Scott Fairlamb’s deal with federal prosecutors could be a benchmark for dozens of other cases in which Capitol rioters clashed with police. Fairlamb’s attorney said prosecutors will recommend a prison sentence ranging from about 3 1/2 to 4 1/4 years, but the judge isn’t bound by that term of the plea agreement.
His plea comes less than two weeks after a group of police officers testified at a congressional hearing about their harrowing confrontations with the mob of insurrectionists. Five officers who were at the Capitol that day have died, four of them by suicide. The Justice Department has said that rioters assaulted approximately 140 police officers on Jan. 6. About 80 of them were U.S. Capitol Police officers and about 60 were from the Washington, D.C., Metropolitan Police Department.
Fairlamb, a former mixed martial arts fighter whose brother is a U.S. Secret Service agent, was one of the very first rioters to breach the Capitol after other rioters smashed windows using riot shields and kicked out a locked door, according to federal prosecutors. After leaving the building, Fairlamb harassed a line of police officers, shouting in their faces and blocking their progress through the mob, prosecutors wrote in a court filing.
A video showed him holding a collapsible baton and shouting, and shouting, “What (do) patriots do? We f——— disarm them and then we storm the f——— Capitol!”

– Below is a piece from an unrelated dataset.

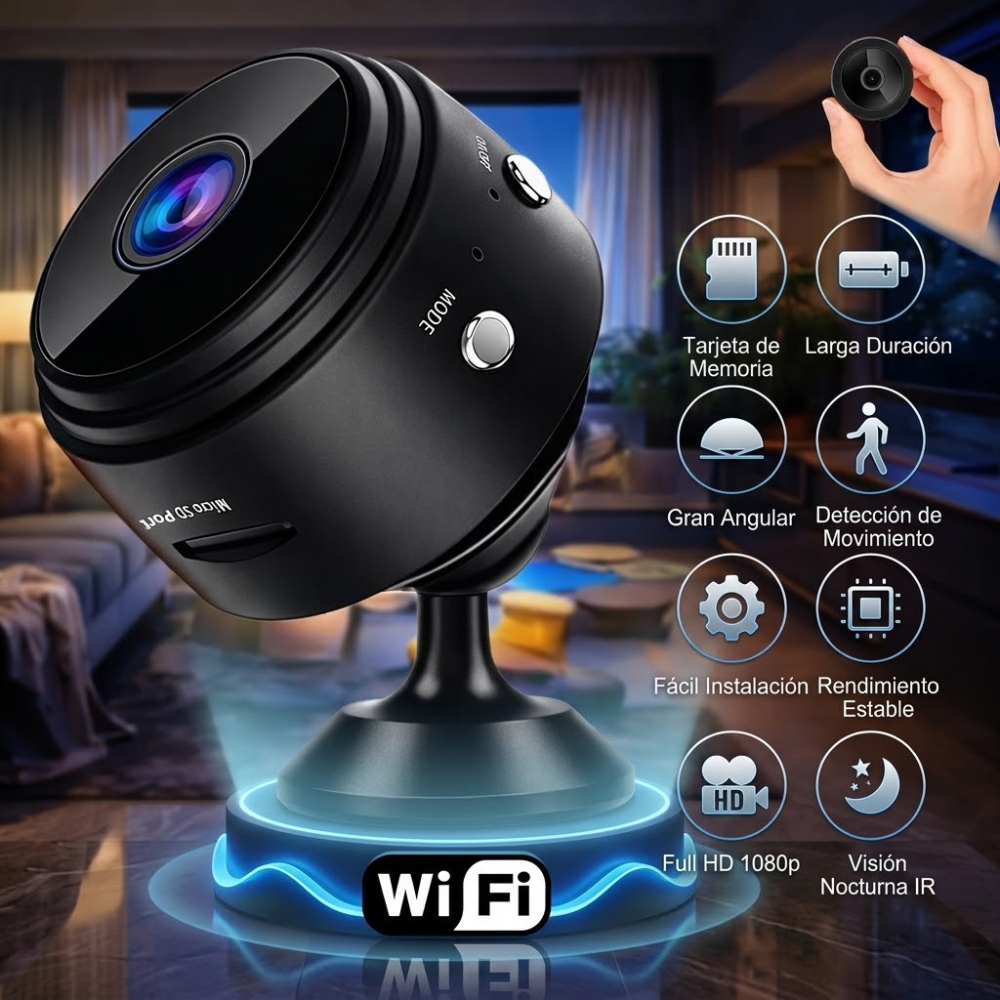 MINI CÁMARA WIFI 1080P CON ALARMA -  Supervisa lo que te importa desde tu celular con Audio y Microfono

U.S. District Judge Royce Lamberth accepted the plea for Fairlamb, who has been jailed since his Jan. 22 arrest at his home in Stockholm, New Jersey.
Fairlamb, 44, pleaded guilty to two counts, obstruction of an official proceeding and assaulting a Metropolitan Police Department officer. The counts carry a maximum of more than 20 years in prison.
He had been indicted on 12 counts, including civil disorder, assaulting a police officer and engaging in physical violence in a restricted building or grounds.